On the same floor are Santu Mofokeng's large photographs of simple walls on Robben Island, not only the prison wall itself but the wall the prisoners built for a cattle kraal. Images of a wrecked ship and Mofokeng photographing himself as a reflection in the glass of a display at Auschwitz layer the banal and the atrocious with a personal history in a quiet way. Interestingly they are juxtaposed with Mona Hatoum's electrified domestic objects. These hum and intermittently glow; the colanders and sieves, the tables and chairs, the child's cot with its potty underneath suddenly become threatening implying an undercurrent in the apparently ordinary.
Nearby Glenn Ligon presents paintings in coal dust. They are visually arresting in their deeply black and glittering surfaces, stencilled with text from James Baldwin's 1935 essay A Stranger in the Village. Dealing with African-American civil rights they have a certain material and conceptual grittiness.
I make my way down to the work in the Documenta-Halle. It is dedicated to the most enormous amount of documentation, both visual and textual. There are videos, books, films and internet sites to be sampled. Generated most often by collectives, this is probably one of the core sites for Okwui's vision of dissemination of marginalized information. I, however, lacking the necessary stamina for such a venture, apart from locating some books on SA art in Meschac Gaba's library which is part of his Contemporary African Art Museum where I spot a Kentridge monograph and not surprisingly the catalogue for the Johannesburg Biennale, escape and go out to the Orangerie.

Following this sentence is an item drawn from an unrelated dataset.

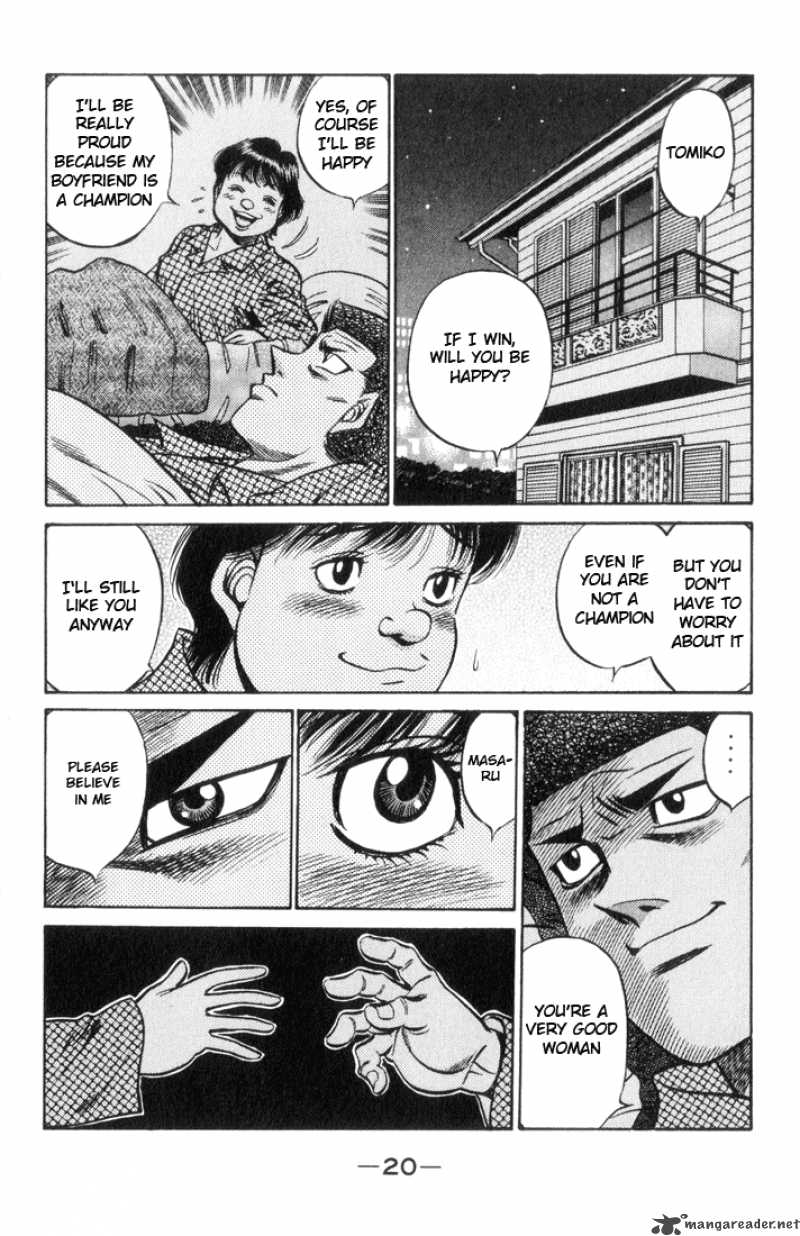 Hajime no Ippo - Chapter 443 Page 21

There I settle in for a while in the Simparch structure which provides nothing to look at except a space filled with low key ambient sound - quite a relief. Next up are the projects in the Orangerie park. Wet and muddy from unexpected heavy storms that caused the river to flood, and closed the boat bus made available for Documenta viewers, the park provided a necessary antidote to the conceptual overload I was suffering. Renee Green's Standardised Octagonal Units for Imagined and Existing Systems - small enclosures with sheets of primary colours and whispering reminders of the range of imaginative worlds we have created to escape this one - also seemed appropriate. Last up was Ken Lum's highly disorientating Mirror Maze with 12 Signs of Depression. Sandblasted phrases such as "I feel alone in the world" form possible points of identification for unsettled viewers who have lost their coordinates. A truly experiential installation the work has a very powerful and alienating effect.
Day 3
Inspired by yesterday's successes I set out to the Kulturbahnhof at the station. Writing an article on the four South African artists in this year's Documenta (William kentridge, Santu Mofokeng, Kendell Geers and David Goldblatt) I am in search of Geers' contribution.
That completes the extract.